Осталось самое старинное, самое упорное и опасное из искушений: это – Она. Я всегда был особенно предрасположен к мистической стороне любви, т.е. той, благодаря которой любящий хочет слиться безраздельно с любимым существом, хочет стать “ею” и чтобы “она” стала им (формула эта принадлежит Мопассану!). Я, который не соглашался отдаться отвлеченной идее, всегда жаждал отдаться живой личности. Конечно, всегда была некоторая revolte, и из этого столкновения – неразрешимый конфликт. Но по мере того, как я все более прихожу к понимаю себя, это искушение уходит от меня подобно всем другим. Я провожаю его не с восторгом гордости, а с глубокой грустью и со слезами на глазах.
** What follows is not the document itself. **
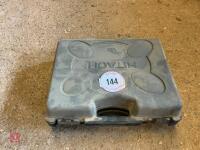 HITACHI BSL1815 18V DRILL - 6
Не думайте, что это – фраза. Сейчас, когда я вдумываюсь в это, мне хочется плакать. Одно время, Соня, Вы были Ею. Последний фазис моей борьбы был недавно, на даче. После Вашего переезда в город все было кончено. И когда “это” кончилось – я почувствовал, что Она умерла и никогда больше не воскреснет» (4.X.1905, стр. 149 – 151).


Стремясь показаться интересным в глазах собеседницы, Смирнов всячески – и весьма ребячески – намекает на свои гомосексуальные интересы, вероятно, так преимущественно – если не всецело – остающиеся на уровне рассказов. Так, в письме от 1/14.III.1907 описывается целая сцена:


«Сначала мужчины (кроме меня) очень ухаживали за дамами, потом сначала Валечка <Нувель>, потом Кузмин – за мной! Мы обнимались, целовались и т.п. Была необыкновенная оргия, с шампанским, все сильно охмелели. За ужином Кузмин сидел vis-a-vis меня и жал беспощадно мои ноги. Когда подали индейку, кто-то попросил chair blanche. Кузмин говорит: “je les ai mange toutes les chairs blanches”[3], жмет мои ноги и выразительно смотрит. Но главное было после ужина. Валечка и Кузмин потушили электричество и кинулись на меня с двух сторон так, что я насилу вырвался. Валечка был прямо brutal. Дамы за меня страшно испугались, хотели защищать. В конце концов Валечка заявил, что я – home-femme rate[4]; для этого не требовалось особенной проницательности! В результате я их ужасно эксплоатировал, т к получил от них гораздо больше, чем хотел, а они – гораздо меньше, чем желали» (стр. 252 – 253).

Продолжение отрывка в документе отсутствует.